Spielberg & Lucas: The titans talk!
How exactly do you mediate a conversation with two of the most fertile minds in moviemaking? You hang on for dear life, that’s how! When EW sat down with George Lucas and Steven Spielberg for a chat about Indiana Jones and the Kingdom of the Crystal Skull (which opens May 22), the pace was fast and furious. You’ll see part of our chat in the Summer Movie Preview issue of EW (as well as here). But Spielberg and Lucas were so voluble, so passionately steeped in film history, and so funny that we had to bring you even more of their historic summit meeting, in which the pair discuss how filmmaking has changed in the past quarter-century, the impact of websites like this one on the experience of moviegoing, and the fate of Indiana Jones and the Monkey King.

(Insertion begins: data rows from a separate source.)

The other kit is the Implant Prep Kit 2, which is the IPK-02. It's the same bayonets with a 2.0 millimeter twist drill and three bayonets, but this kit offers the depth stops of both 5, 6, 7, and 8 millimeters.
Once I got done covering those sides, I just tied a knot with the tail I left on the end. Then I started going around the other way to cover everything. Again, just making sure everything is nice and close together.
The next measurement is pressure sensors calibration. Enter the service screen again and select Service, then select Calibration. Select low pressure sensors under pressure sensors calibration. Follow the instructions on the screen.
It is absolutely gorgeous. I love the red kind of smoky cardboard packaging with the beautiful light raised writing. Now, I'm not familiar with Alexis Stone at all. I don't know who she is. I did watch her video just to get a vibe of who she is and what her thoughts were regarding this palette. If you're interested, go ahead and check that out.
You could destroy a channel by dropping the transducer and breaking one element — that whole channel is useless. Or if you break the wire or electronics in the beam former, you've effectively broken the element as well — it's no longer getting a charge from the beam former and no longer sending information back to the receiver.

ENTERTAINMENT WEEKLY: Gentlemen! This is like having Superman and Batman in the same room. [Laughter]
STEVEN SPIELBERG: But wait a minute — which is which? I wanna be Superman! With the big S.

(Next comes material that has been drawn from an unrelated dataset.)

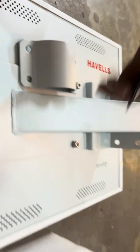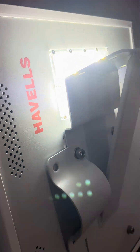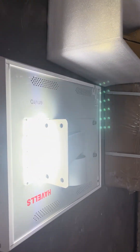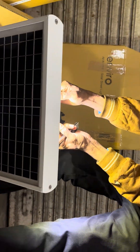We have turned this on, so now the light is getting on. This is a 15 watt light by Hewells, solar based. When we take the panel up it is a solar street light, so it is sensor based — the light has automatically turned off.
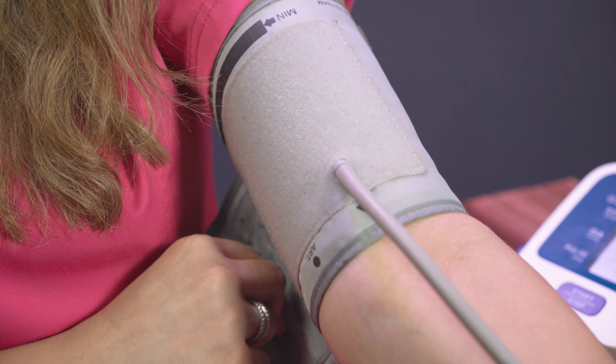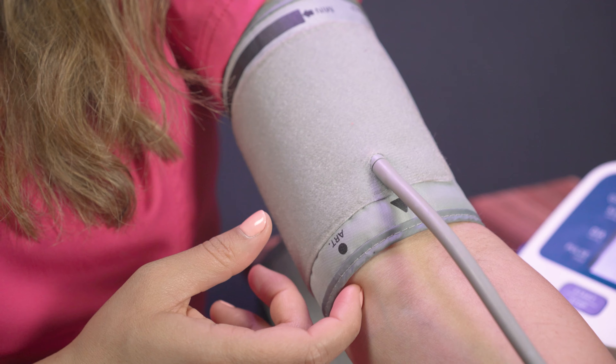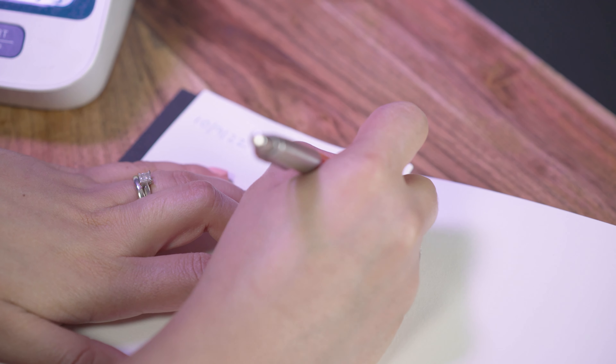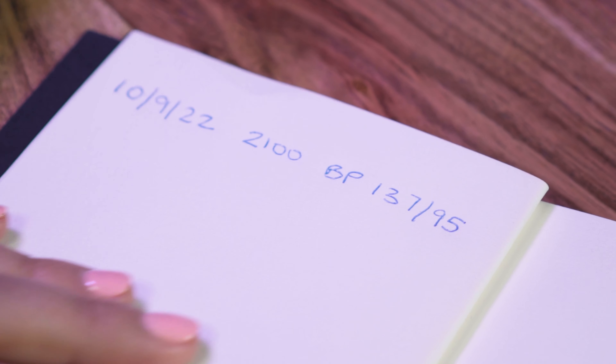Once your machine has finished, remove your cuff and record your reading. Remember to include both the higher and lower numbers in your record keeping. It is best to repeat your reading after a few minutes, as your second reading may be lower.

GEORGE LUCAS: We should get some clinking glasses and stuff, just to screw up your tape.
So what took so long to get to installment No. 4? It’s been 19 years since Indiana Jones and the Last Crusade, the last of the original trilogy of films.

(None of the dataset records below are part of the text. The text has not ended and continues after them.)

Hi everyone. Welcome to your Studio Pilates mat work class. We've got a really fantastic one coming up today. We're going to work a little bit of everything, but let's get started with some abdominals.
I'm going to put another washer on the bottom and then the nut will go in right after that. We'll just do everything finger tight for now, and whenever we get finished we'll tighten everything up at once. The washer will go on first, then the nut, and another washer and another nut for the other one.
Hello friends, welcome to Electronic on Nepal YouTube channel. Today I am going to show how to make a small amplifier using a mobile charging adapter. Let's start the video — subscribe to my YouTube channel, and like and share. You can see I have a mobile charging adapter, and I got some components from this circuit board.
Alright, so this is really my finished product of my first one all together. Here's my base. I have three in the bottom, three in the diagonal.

LUCAS: When we got to [the idea of making a fourth] one, I had already said, ”No. I can’t think of another MacGuffin.”
Meaning, the mystical thingy everyone is chasing.
LUCAS: I said, ”I can’t do it. It’s too hard.” We barely got through the last couple of ’em with smoke and mirrors. Sankara stones, for God’s sakes?
But there’s a lot of historical data about the Sankara stones!
LUCAS: There is, but nobody in the United States knows about it, so there’s no resonance. The MacGuffin is the key. Before the Sankara stones [which became the focus of the second film in the trilogy, Indiana Jones and the Temple of Doom], we’d had ideas for all kinds of other MacGuffin things. Some of them were original ones, that were in the [proposed] stories that I did. Like a haunted castle and stuff. But then Steven went off and did Poltergeist and said, ”I don’t want to do another haunted-castle movie.”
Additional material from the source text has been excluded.